The Industry of Things World USA conference in San Diego in its third year is becoming a premier Internet of Things (IoT) event in the US. Organized by weConnect in Berlin, Germany, it attracts a few hundred attendees, excellent speakers, and me (of course). The organizers leverage worldwide contacts–organizing similar events in Berlin and Singapore. They also have similar events in other technology areas.

Topics cover a range of IT and OT subjects. I make sure to get to the OT people who are here. This is a quick recap of what I’ve seen so far.

Charlie Gifford spoke at a breakout session on ISA95. He updated us on the latest changes proposed to the standard. His other focus was to promote event-driven architecture. He suggested that we build a library of operations events such that when an event occurs information about the change with the updated data is broadcast to subscribers. This is a great bandwidth saving over continuous point-to-point connections. He is also concerned with how to interconnect the many existing databases within a plant or production location.

Jagannath Rao, SVP of IoT and MindSphere for Siemens, discussed the evolution of MindSphere and its latest incarnation. Key point–Siemens has committed to openness–providing for open APIs especially in its MindSphere platform and adoption of open technologies such as OPC UA.

MindSphere v 2 enabled people to go out and do Proof of Concept (PoC) projects. From these Siemens could determine what customers were interested in and what the problems were that they were trying to solve. This all fed back into the product development process leading to the recent release of v 3.

V3, now a product, builds on open technologies–open being the key word. The platform moved from SAP Leonardo to Amazon Web Services (AWS) providing a more robust cloud experience. AWS is a Infrastructure as a Service, while MindSphere is Platform as a Service containing open APIs and data models. The next step on the journey is for Siemens to build out an ecosystem of 3rd party applications.

When asked about TSN, Rao also brought up 5G, both of which point out the importance of the Edge for initial processing of IoT data. Siemens is preparing for this next step, for example its Sinumeric Edge contains much analytics power, then ability to communicate information not just vast streams of data.

OPC vice president of marketing Stefan Hoppe, during his breakout session, discussed the acceptance of OPC UA in industry and the power of the release of publish/subscribe with OPC UA. His strong discussion point was to emphasize that OPC UA is not a protocol. It is an information model. It uses protocols—AMQP, MQTT, DDS, JavaScript, whatever to communicate the information from one device to another (or many). Proponents of a protocol who suggest that a protocol is superior to OPC UA miss the point that it’s not a protocol but actually an information model.

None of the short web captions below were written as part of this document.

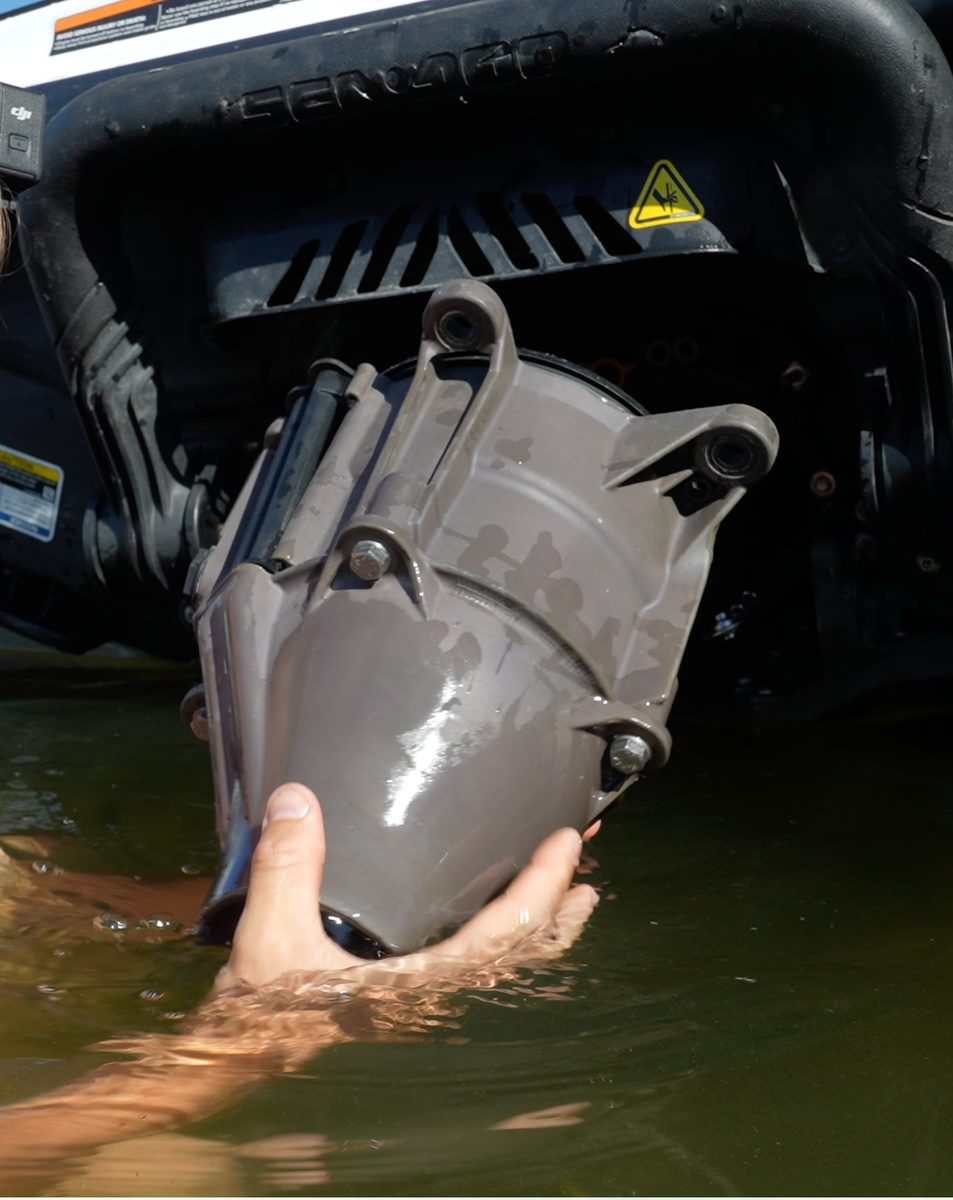 Jetpumpe Mit Beiden Händen Aus Dem Sea-Doo Herausheben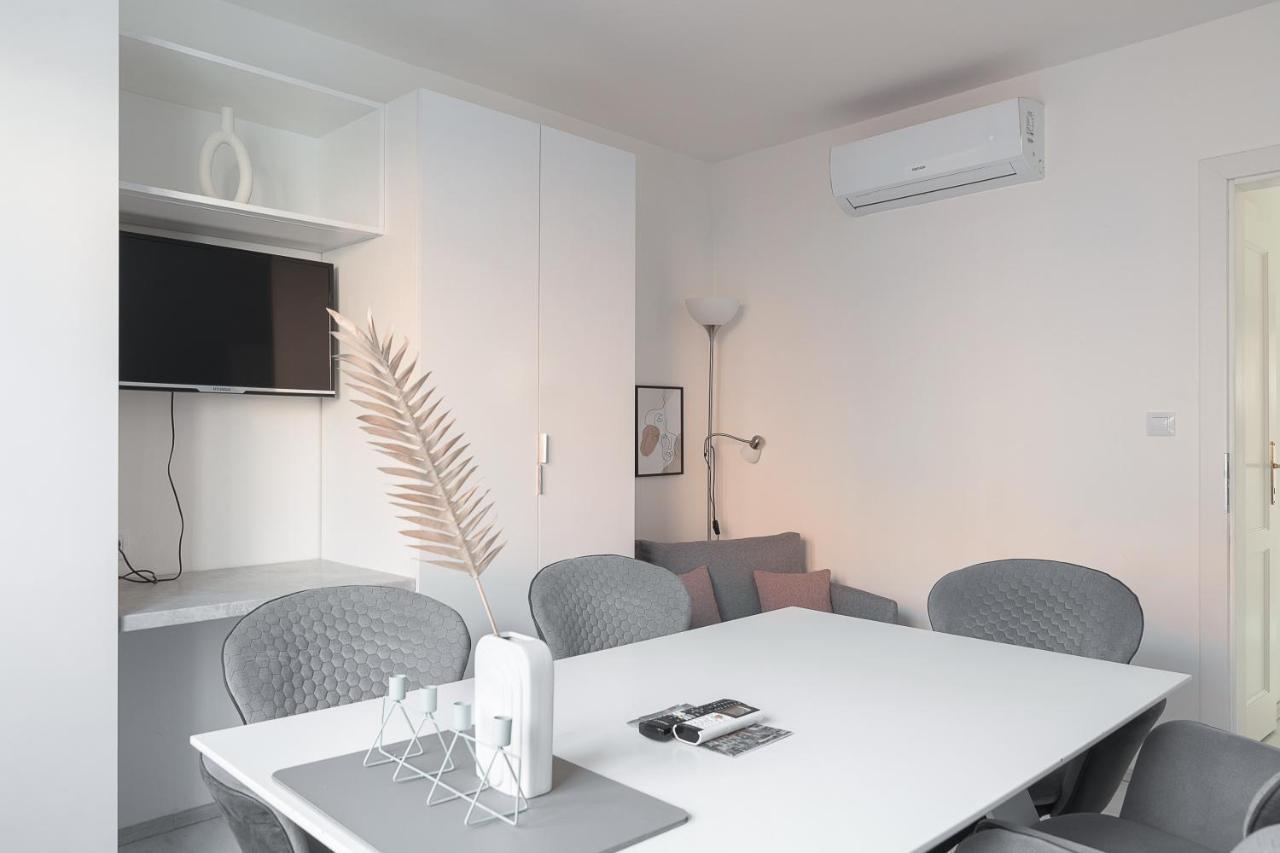 פראג Skolska Winter Terrace Apartment מראה חיצוני תמונה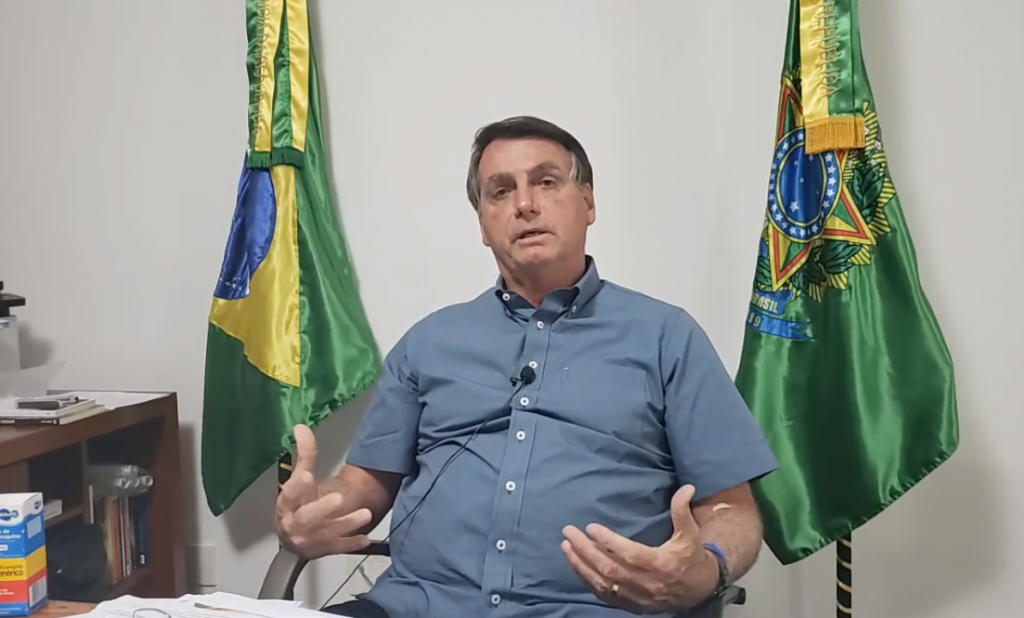 Em live, Bolsonaro pede volta de torcida nos estádios 'o mais cedo possível'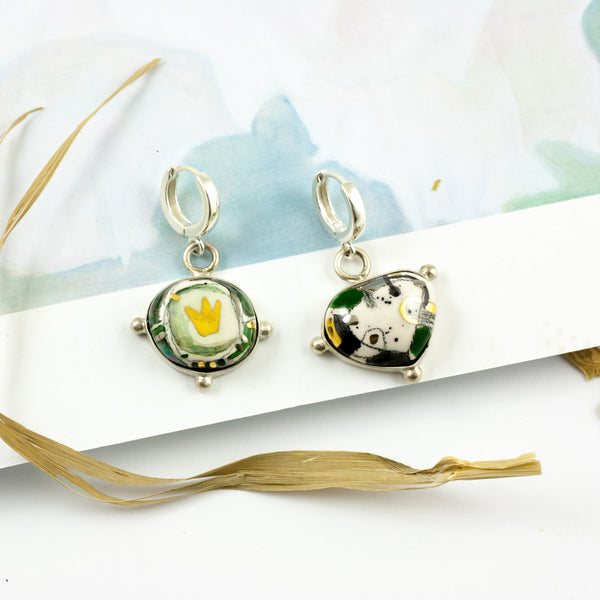 BON BON Green color dangle earrings with a gold crown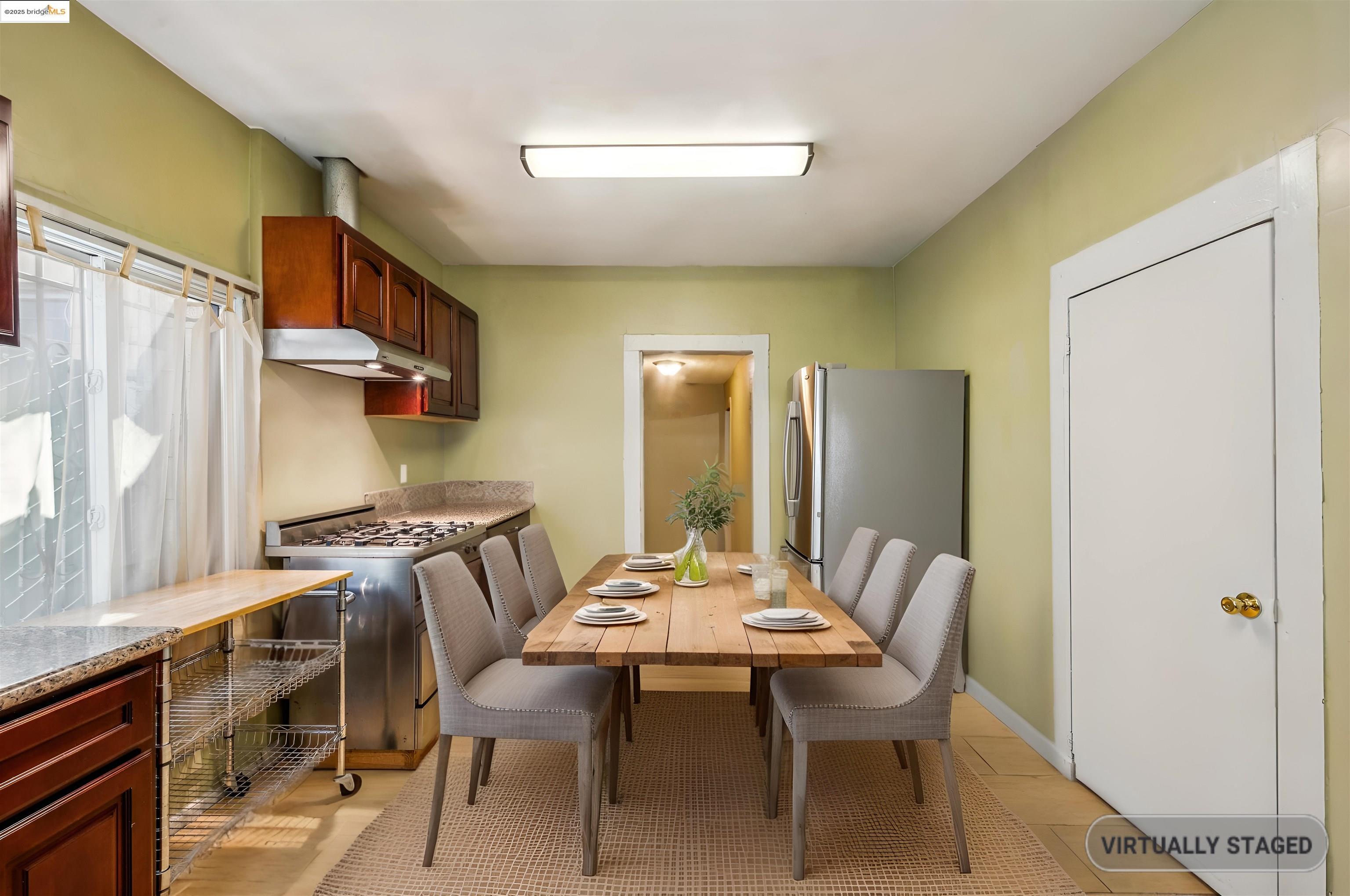 Detail Gallery Image 7 of 44 For 1820 International Blvd, Oakland,  CA 94606 - – Beds | – Baths
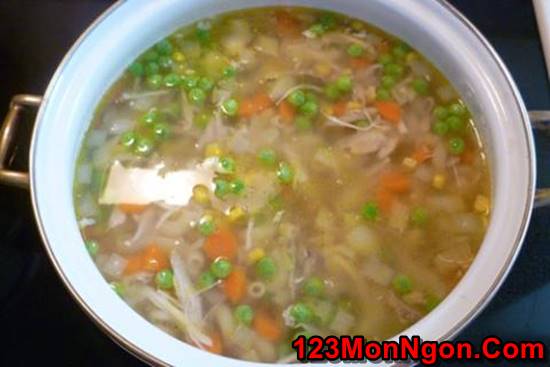 Cách nấu món súp nui gà xé thơm ngon bổ dưỡng thật giản đơn cho bé yêu phần 7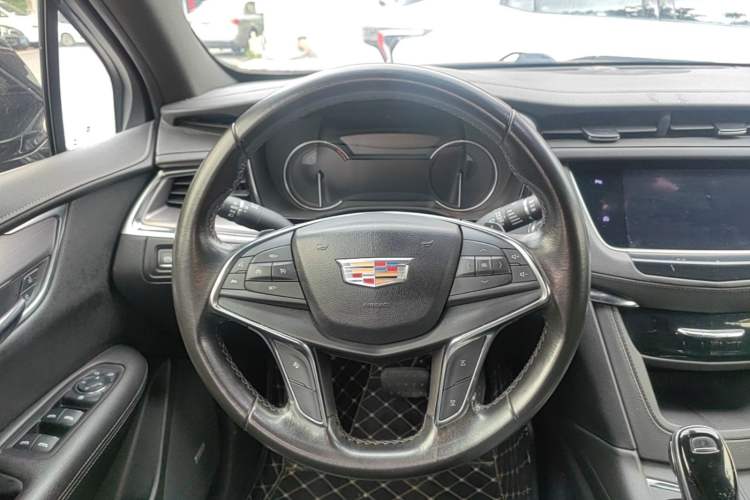 Used Cadillac XT5 2020 28T Tech Edition Steering Wheel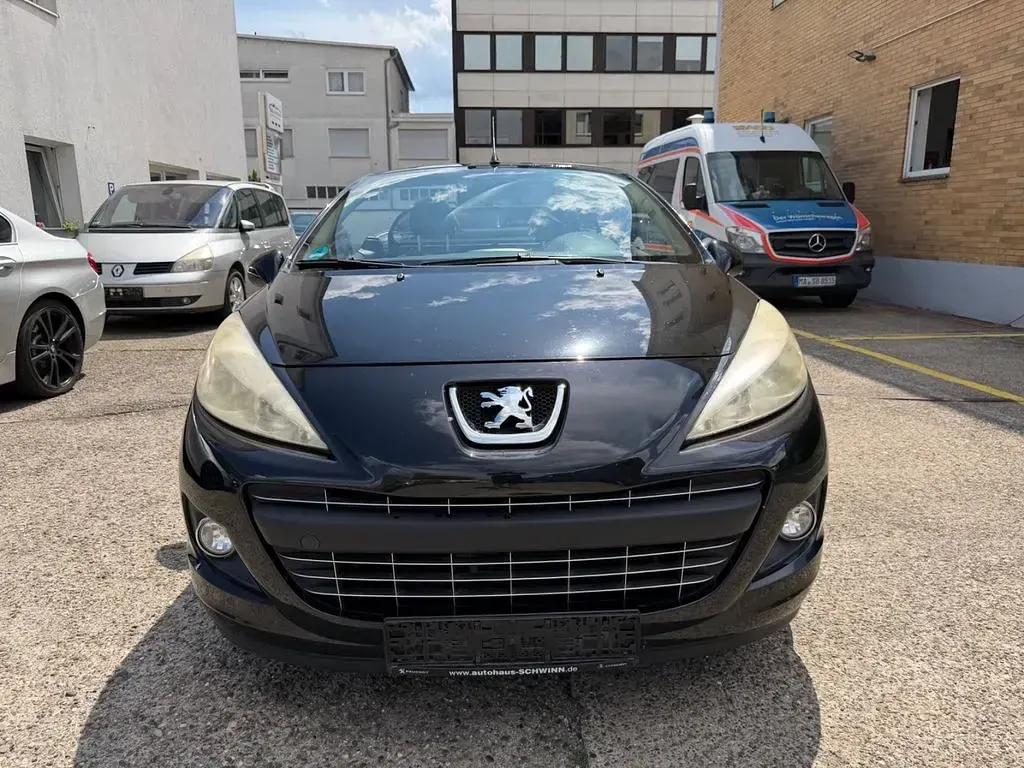 Gebraucht Peugeot 207 CC Premium 120 PS (88 kW) 2011 Braun Cabrio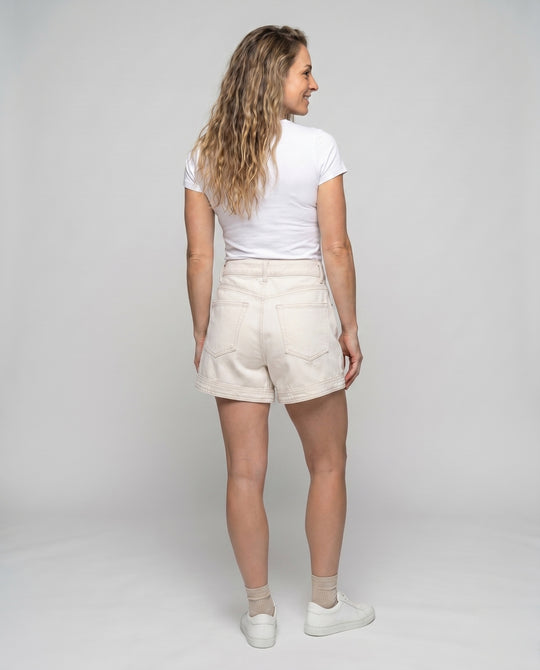 Product 15624534557002 - back_view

One key potential misunderstanding…Hoppe’s presentation made OPC appear to be German-centric and tied to the German Industrie 4.0. We need to keep in mind that the OPC Foundation Board is only 33% German, and that OPC UA lends itself to the digitalization efforts of any of the countries developing standards. It has become the official communication technology for many standardization efforts including the Open Process Automation Forum. It is truly global.

Lin Nease, IoT technologist at Hewlett Packard Enterprise, chatted with me at a one-on-one meeting about the edge and the power of Xeon server technology in its edge devices as well as software-defined control. I think I’ll be seeing more from HPE as it builds out its IoT infrastructure.